Qu’est-ce qui vous plait dans l’apnée ?
Le chemin parcouru pour préparer à une compétition est quelque chose de très important pour moi. J’aime beaucoup l’instant présent : l’entrainement, la répétition la construction de cet entrainement. J’aime également le rapport à l’eau, qui est très fort. On est dans un environnement 800 fois plus dense que l’air. On est vraiment en interaction avec ce milieu, puisqu’il vous touche, il vous bouleverse sensoriellement.
C’est aussi un milieu dans lequel on peut voler, puisque deux forces opposées, la gravité et la poussée d’Archimède, nous permettent d’évoluer en trois dimensions dans l’eau.

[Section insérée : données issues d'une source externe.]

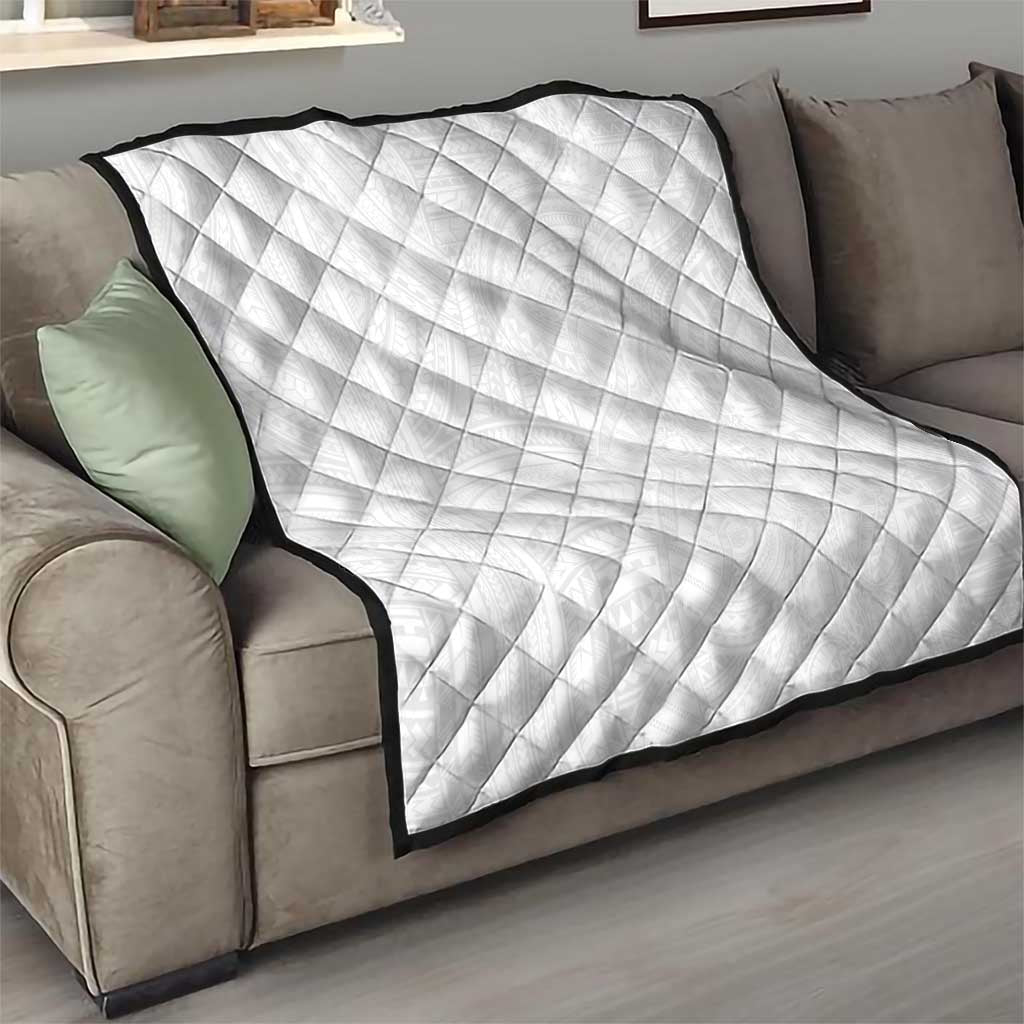 Samoan DNA Art Tattoo Quilt Polynesian Pattern All White LT03 - Polynesian Pride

On a une sensation de vol, d’absence d’apesanteur qui est très, très forte.
La mer, c’est aussi des paysages fantastiques comme des canyons sous-marins, des nuances de bleu infinies. Et c’est bien sûr aussi un environnement vivant avec sa faune et sa flore… un milieu en grand péril. Mais ça, c’est un autre sujet.
Deux jours après cette interview, Morgan Bourc’his a obtenu un second podium aux Championnats du Monde à Nice. Il termine en bronze sur l’épreuve d’immersion libre avec une descente à 105 mètres de profondeur.